As a manager though it’s been a far different story. He lasted a total of 23 combined games with his first two roles, before seeing Argentina thrashed 4-0 by Germany at the 2006 World Cup. He failed again at UAE side Fujairah and not much is expected of him in his current position at Mexican second division side Dorados whom he joined last week.
2. Sir Bobby Charlton:
Regarded as one of the greatest midfielders of all time, Sir Bobby Charlton was an essential member of the England squad which had won the FIFA World Cup back in 1966. However, the Manchester United legend failed to stamp his authority as a successful coach.
The 80-year-old, who played almost his entire professional career for the Red Devils scoring 199 goals in 606 matches, took charge of Preston North End in 1973 and it was a disaster as his side got relegated to the third tier of English football.
3. Marco van Basten:
The legendary Dutch striker was a key figure in the Netherlands’ Euro Cup triumph back in 1988 with his unbelievable volley against the Soviet Union in the grand finale.
However, the former AC Milan man was unable to make his mark as a coach.
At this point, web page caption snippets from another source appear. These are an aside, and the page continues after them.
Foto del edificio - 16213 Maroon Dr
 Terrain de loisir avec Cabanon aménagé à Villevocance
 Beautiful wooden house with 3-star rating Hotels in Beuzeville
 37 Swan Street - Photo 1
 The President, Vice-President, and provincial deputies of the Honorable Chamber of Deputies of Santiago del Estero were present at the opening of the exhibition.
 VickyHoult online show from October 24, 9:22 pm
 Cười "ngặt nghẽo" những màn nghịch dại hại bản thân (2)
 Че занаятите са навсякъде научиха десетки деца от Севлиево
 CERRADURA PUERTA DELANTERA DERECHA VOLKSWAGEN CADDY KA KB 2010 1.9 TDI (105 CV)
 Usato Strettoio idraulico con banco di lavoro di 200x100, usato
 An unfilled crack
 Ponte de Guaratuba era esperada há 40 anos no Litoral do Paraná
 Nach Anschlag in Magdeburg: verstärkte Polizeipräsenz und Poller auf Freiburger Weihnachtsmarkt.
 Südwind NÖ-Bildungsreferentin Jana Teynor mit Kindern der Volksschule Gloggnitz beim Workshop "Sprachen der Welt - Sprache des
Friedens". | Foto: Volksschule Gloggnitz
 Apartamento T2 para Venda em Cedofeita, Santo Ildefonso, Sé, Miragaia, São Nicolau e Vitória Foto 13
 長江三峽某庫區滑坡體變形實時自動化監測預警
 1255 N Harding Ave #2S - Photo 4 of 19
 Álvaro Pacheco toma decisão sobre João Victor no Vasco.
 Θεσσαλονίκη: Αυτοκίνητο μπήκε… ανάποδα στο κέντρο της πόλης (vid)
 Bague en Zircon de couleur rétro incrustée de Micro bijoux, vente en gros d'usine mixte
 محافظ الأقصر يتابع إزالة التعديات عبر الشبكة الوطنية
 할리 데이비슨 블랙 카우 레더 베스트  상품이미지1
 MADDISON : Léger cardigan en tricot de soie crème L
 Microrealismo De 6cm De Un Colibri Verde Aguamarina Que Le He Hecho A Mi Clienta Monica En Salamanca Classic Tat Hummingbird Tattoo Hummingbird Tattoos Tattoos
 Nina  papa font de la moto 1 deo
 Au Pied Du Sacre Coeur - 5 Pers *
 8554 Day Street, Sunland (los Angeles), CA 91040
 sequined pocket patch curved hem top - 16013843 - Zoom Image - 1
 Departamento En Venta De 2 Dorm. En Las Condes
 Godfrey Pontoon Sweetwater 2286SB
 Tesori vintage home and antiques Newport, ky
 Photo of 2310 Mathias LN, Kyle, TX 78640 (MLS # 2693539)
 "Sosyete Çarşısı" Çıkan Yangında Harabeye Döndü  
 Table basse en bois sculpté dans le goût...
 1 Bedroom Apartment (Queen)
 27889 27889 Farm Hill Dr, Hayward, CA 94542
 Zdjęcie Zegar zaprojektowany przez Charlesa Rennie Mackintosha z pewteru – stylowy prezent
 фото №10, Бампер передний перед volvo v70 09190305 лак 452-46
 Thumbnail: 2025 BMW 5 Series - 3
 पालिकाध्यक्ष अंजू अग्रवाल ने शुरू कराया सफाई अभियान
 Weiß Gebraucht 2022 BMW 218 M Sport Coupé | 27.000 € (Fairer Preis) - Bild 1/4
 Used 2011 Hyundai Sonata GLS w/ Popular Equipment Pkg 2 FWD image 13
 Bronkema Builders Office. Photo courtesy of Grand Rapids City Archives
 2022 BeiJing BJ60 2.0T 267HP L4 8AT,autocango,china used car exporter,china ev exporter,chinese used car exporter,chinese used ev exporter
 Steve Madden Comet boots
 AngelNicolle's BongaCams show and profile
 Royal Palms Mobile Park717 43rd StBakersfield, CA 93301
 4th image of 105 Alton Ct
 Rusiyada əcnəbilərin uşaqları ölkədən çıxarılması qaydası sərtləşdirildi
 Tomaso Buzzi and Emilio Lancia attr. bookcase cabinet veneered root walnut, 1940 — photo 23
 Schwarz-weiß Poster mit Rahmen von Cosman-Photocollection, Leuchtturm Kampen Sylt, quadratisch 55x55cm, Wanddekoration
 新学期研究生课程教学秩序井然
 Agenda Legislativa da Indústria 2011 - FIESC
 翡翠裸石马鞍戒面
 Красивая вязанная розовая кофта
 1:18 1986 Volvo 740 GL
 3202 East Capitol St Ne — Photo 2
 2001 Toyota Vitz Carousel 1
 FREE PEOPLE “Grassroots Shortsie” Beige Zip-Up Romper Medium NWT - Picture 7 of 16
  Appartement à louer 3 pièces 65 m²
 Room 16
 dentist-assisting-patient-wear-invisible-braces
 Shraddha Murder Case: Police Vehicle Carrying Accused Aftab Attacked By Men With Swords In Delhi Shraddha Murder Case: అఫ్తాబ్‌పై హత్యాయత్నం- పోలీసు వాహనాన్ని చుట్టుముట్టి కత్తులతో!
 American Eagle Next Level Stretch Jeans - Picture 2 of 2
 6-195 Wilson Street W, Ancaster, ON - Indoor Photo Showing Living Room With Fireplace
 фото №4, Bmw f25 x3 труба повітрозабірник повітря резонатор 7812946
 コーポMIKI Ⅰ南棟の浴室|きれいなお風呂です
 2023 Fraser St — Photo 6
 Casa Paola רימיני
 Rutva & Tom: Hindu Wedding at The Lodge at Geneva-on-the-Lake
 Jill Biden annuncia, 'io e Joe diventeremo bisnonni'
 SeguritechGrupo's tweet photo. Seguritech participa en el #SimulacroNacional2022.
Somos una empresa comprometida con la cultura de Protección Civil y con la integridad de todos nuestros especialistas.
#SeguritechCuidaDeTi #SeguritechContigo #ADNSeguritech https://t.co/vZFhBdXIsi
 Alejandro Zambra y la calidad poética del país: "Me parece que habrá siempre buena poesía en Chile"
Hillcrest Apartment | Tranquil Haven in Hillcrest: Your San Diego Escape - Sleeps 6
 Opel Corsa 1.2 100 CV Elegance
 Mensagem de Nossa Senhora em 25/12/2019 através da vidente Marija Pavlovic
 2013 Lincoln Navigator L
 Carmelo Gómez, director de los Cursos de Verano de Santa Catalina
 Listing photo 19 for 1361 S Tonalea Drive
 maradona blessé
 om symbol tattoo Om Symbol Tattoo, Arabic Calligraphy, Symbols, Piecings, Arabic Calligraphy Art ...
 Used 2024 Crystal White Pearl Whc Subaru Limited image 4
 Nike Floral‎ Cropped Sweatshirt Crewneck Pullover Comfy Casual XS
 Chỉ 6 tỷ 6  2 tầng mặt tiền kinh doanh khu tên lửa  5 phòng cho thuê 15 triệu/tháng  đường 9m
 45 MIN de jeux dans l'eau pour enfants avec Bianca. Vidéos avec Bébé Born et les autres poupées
In 2004, van Basten was appointed Netherlands coach and under his guidance, the ‘Oranjes’ qualified for the 2006 FIFA World Cup and 2008 UEFA Euro Cup but failed to make it past the second round in both the competitions.
Van Basten was also appointed by Ajax twice and his second stint, he called it a day after they failed to qualify for the Champions League.
4. Alan Shearer:
With Newcastle United embroiled in a relegation battle as manager Joe Kinnear fell ill in 2009, they turned to former striker and all-time Premier League top goalscorer Alan Shearer to guide them to safety.
However, the former England number nine could muster just five points out of a possible 27 and after 16 long years slumped to the second division of English football. Needless to say, that was Shearer’s sole stint into management.
5. Tony Adams:
A multiple title-winning captain with Arsenal, Tony Adams seemed the perfect footballer to enter management once his career ended due to his brilliance as a leader and exceptional centre-back.
Adams first tried his luck in League One with Wycombe, but that soon became League Two with Wycombe. He lasted just 16 games with Portsmouth and his latest foray was a farcical job in Spain, where he guided Granada to a bottom-placed finish in La Liga in 2017.
6. Paul Gascoigne:
A gem of a player, Paul Gascoigne’s off-field problems have been suggested to have harmed his attempts at management, which lasted just over a month with non-league side Kettering Town.
The former England international initially gained some coaching experience with Chinese side Gansu Tianma and Boston United, but his senior role with the Poppies did not go to plan, with the club’s chairman sacking him for reportedly being drunk each day
7. Gary Neville:
One of the best right-backs in Premier League history, Gary Neville was a Manchester United mainstay under Sir Alex Ferguson and it came as no surprise that he entered the world of football coaching like many of his former team-mates.
Neville left his role in the England national team backroom staff to take the reigns at Valencia in 2016, where brother Phil was already a coach. He lasted just four months though, winning only three games as Los Che dangled above the drop zone.
8. Edgar Davids:
Former Dutch international midfielder Edgar Davids won league titles with Ajax and Juventus, while also featuring for Barcelona, AC Milan and Tottenham Hotspur during a 20-year career in football.
However, he almost destroyed his reputation with an ill-fated spell as player-manager of Barnet. The spectacle-wearing pitbull led the Bees to relegation from the Football League, was sent off three times in eight games and refused to attend certain away games.
9. Hristo Stoichkov:
The 1994 Ballon d’Or winner is the greatest Bulgarian footballer of all time, but he is most certainly not the greatest Bulgarian manager of all time after consistently failing, despite multiple attempts.
Stoichkov’s role as manager of the Bulgarian national team was a disaster from start to finish as they failed to qualify for two successive tournaments, while he also directed Celta Vigo to drop out of La Liga.
10. Lothar Matthaus:
Lothar Matthaus won eight Bundesliga titles with Bayern Munich, one Scudetto with Inter and a total of two Uefa Cups with the German and Italian giants.
The midfield maestro also captained Germany to a World Cup triumph in 1990 and accumulated 150 caps, a record for die Mannschaft. He has been married four times and his personal life has often put him at odds with his bosses during his various coaching stops.
Matthaus has never received the Bundesliga coaching job he craves and after leaving the likes of Atletico Paranaense, Partizan and the Hungarian and Bulgarian national teams in acrimonious circumstances, it could be one dream that never comes true.